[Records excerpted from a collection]
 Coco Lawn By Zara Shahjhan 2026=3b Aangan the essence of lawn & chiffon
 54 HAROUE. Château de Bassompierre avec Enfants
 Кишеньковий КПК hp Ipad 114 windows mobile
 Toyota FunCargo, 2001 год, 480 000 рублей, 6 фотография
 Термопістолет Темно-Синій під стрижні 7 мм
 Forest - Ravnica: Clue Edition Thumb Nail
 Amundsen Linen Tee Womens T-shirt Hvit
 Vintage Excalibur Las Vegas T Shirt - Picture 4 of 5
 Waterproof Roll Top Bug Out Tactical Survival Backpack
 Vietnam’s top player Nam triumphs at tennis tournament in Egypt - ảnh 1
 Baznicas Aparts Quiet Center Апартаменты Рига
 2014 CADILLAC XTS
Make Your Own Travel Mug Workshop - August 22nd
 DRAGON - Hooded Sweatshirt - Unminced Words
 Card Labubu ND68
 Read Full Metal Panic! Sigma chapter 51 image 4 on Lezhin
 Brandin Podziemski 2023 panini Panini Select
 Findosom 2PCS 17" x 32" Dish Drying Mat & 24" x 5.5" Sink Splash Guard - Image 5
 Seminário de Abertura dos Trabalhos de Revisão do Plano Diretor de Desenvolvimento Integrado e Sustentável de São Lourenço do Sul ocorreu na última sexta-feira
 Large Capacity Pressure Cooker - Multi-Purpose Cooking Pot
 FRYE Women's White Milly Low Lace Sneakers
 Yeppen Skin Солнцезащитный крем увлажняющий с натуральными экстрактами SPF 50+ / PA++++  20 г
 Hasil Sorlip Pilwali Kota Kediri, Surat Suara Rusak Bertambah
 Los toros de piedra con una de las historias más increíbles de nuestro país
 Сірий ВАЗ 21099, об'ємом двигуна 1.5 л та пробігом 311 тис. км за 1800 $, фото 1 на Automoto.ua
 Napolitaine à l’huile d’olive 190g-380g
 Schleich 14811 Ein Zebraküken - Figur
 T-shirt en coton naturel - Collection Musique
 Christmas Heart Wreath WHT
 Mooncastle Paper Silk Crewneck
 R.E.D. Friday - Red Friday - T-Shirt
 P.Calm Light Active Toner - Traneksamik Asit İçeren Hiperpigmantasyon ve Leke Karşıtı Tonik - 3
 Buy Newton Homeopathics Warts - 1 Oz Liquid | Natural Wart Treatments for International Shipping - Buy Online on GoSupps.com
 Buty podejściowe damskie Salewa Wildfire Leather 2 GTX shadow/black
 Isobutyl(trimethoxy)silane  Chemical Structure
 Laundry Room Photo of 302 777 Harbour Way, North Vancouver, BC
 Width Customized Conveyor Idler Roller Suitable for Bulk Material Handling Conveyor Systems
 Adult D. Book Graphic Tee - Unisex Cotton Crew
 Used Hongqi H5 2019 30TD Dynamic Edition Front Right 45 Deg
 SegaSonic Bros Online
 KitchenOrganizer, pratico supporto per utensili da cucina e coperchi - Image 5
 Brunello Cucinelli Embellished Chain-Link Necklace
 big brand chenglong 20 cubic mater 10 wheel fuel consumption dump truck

## Work required
Give the exact lines, and only those, from the line containing "Make Your Own" through the line containing "Adult D. Book" in the entries above.

## Response area
Make Your Own Travel Mug Workshop - August 22nd
 DRAGON - Hooded Sweatshirt - Unminced Words
 Card Labubu ND68
 Read Full Metal Panic! Sigma chapter 51 image 4 on Lezhin
 Brandin Podziemski 2023 panini Panini Select
 Findosom 2PCS 17" x 32" Dish Drying Mat & 24" x 5.5" Sink Splash Guard - Image 5
 Seminário de Abertura dos Trabalhos de Revisão do Plano Diretor de Desenvolvimento Integrado e Sustentável de São Lourenço do Sul ocorreu na última sexta-feira
 Large Capacity Pressure Cooker - Multi-Purpose Cooking Pot
 FRYE Women's White Milly Low Lace Sneakers
 Yeppen Skin Солнцезащитный крем увлажняющий с натуральными экстрактами SPF 50+ / PA++++  20 г
 Hasil Sorlip Pilwali Kota Kediri, Surat Suara Rusak Bertambah
 Los toros de piedra con una de las historias más increíbles de nuestro país
 Сірий ВАЗ 21099, об'ємом двигуна 1.5 л та пробігом 311 тис. км за 1800 $, фото 1 на Automoto.ua
 Napolitaine à l’huile d’olive 190g-380g
 Schleich 14811 Ein Zebraküken - Figur
 T-shirt en coton naturel - Collection Musique
 Christmas Heart Wreath WHT
 Mooncastle Paper Silk Crewneck
 R.E.D. Friday - Red Friday - T-Shirt
 P.Calm Light Active Toner - Traneksamik Asit İçeren Hiperpigmantasyon ve Leke Karşıtı Tonik - 3
 Buy Newton Homeopathics Warts - 1 Oz Liquid | Natural Wart Treatments for International Shipping - Buy Online on GoSupps.com
 Buty podejściowe damskie Salewa Wildfire Leather 2 GTX shadow/black
 Isobutyl(trimethoxy)silane  Chemical Structure
 Laundry Room Photo of 302 777 Harbour Way, North Vancouver, BC
 Width Customized Conveyor Idler Roller Suitable for Bulk Material Handling Conveyor Systems
 Adult D. Book Graphic Tee - Unisex Cotton Crew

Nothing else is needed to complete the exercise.